The Hubba and I started out as childhood friends, playing round and about at the playground near my house. But after losing touch with each other, we were reminded of those times again after being reunited a few years back.
As it turns out, we had similar likes and dislikes. We had a mutual fondness of running and hiking, and hatred towards smokers and litterbugs.
We still have our differences though – I despised durians, while he loved the thorny fruit!
As fate would have it, love blossomed after months of being reunited. We became an item for a while before he proposed.
But our joy and delight were short-lived as things that happened after weren’t quite as rosy as we thought they would be. We were met with strong resistance from his parents, particularly his father.
The Hubba hinted to his parents about me, telling them of my background – that I came from Negeri Sembilan, was the daughter of a police officer, went overseas to further my studies. He even showed them my picture.
It all turned out to be the (petty) reasons why I was rejected as a potential daughter in law.
As I came from Negeri Sembilan, the parents claimed that I would take all of The Hubba’s wealth should things not work between us.
So the men would be off with just clothes on their backs, should the couple divorce.
The Hubba did mention that I was considered an ‘outsider’, because my grandma originally came from Penang, hence we won’t practise the adat. However, they refused to hear any of it.
They made up their own minds that their son would be penniless and become ‘Queen controlled’ by me.
Score: His parents – 1, me – 0.
As mentioned earlier, my late father was a notable police officer and had served almost all his life in the force before retiring. Being an officer, he was well-known among the men in blue.
At first, I was elated when The Hubba mentioned that his father, who once also served in the police force himself, knew my late father. That would serve to my benefit right?
Apparently that was a no-no with The Hubba’s father!
He said he “knows too well what’s it like in the force”, and how spoilt and privileged high-ranking officers’ children could be.
He claimed I would be no different, that I breezed through life using my late father’s name and position.
That hurt. That really hurt.
My late father, as notable as his position was, never spoilt or pampered me with any ‘special favours’ or privileges. I got through life on my own – but of course that didn’t matter to The Hubba’s father.
He had made up his mind that I was a spoilt brat, and that I would be a bad influence to his son.

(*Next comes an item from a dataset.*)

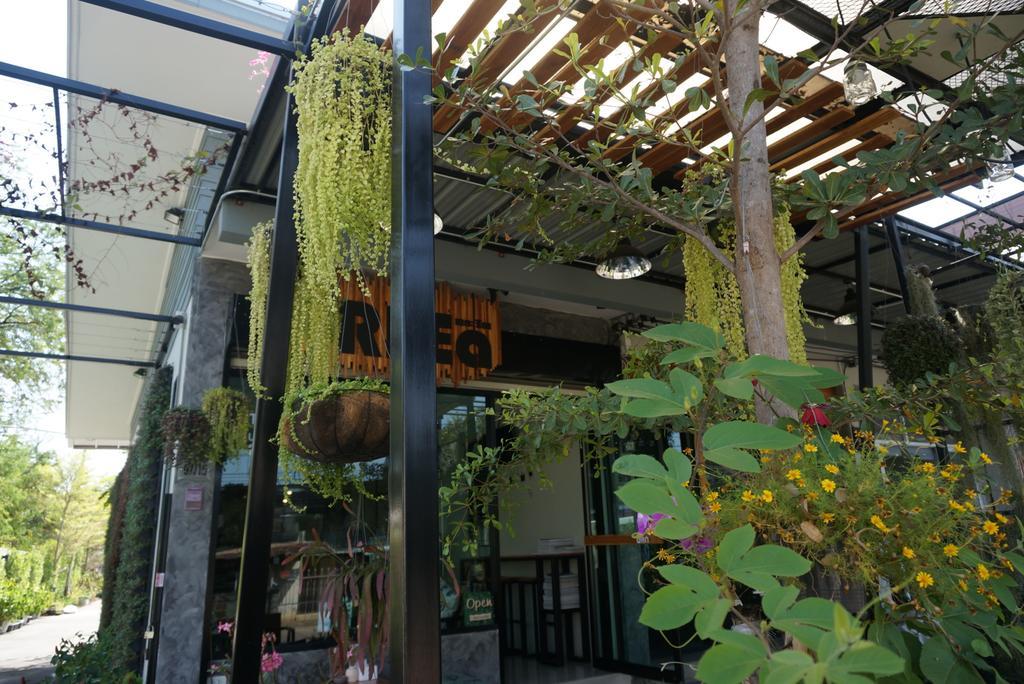 The Rhea Hotel Удон Тани Екстериор снимка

Score: His parents – 2, me – 0.
So I was lucky enough to be able to study overseas and lived there for 6 years, experiencing much more than what I’d bargained for. But for his parents, that wasn’t a plus point.
They claimed that would make my hantaran (dowry) shoot up, as I was an overseas’ graduate and that would burden their son.
Not only that, they claimed I wouldn’t be a suitable wife for him, as I’d been away too long, and had lost my grip on the Malay culture.
Adding salt to the wound was that I didn’t don the hijab, which proved that I wasn’t a proper Muslim girl, and unfit for their son.
Score: His parents – 3, me – 0.
But they raised a stubborn, headstrong son. The Hubba was adamant and determined to make me his wife. Bless his dear heart, he went on without the approval of his parents, particularly his father.
He remained their devoted son though, still visiting and pleading for them to accept me after our wedding. His mother gave in after a while, although she didn’t meet me in person.
She texted me asking how I was and hoped that I’d do my duties as a proper wife.
Thank goodness, at least I’d earned myself a 0.5 score.
With God’s will, I was pregnant soon after the wedding. But even then, The Hubba didn’t dare to mention it to his parents.
At the time, we thought it best to keep the pregnancy away from them. You know, just to soften the blow – especially when he said they seemed to be slowly accepting the fact that he had gone ahead and married me.
Nine months later, after the baby was born, both of us thought it was time for the cat to be out of the bag. Having lost my father about two years ago, I didn’t want my baby to grow up realising she has another grandfather who wasn’t aware of her existence.
We pondered about it. We imagined the different scenarios of how it could end up,
“The worst that could happen is, they’d tell us to leave and we will. But that wouldn’t stop me from being their son and trying to make them accept us all”, said the Hubba.
So, we just showed up at their doorstep one day.
I had the shock of my life when his father ushered us in, welcoming us with open arms!
He took our baby, hugged her and started to ask so many questions about her. My mother-in-law smothered both of us with hugs and kisses. She also gave me so much advice on how to take care of a baby.
That day was surreal. Friends told me parents (and in-laws) would usually mellow down once they see their grandchildren, no matter what issues they might have. But I’d never thought it would happen to us.
My first encounter with my in-laws blew me away. It dawned on me that nobody wanted to address what had happened between us, and that everybody was just eager to move on with life.
Especially after seeing the baby.
I was finally accepted by my parents-in-law, and I thank my baby for that.
Final score: His parents – won over, me – thank God for our baby.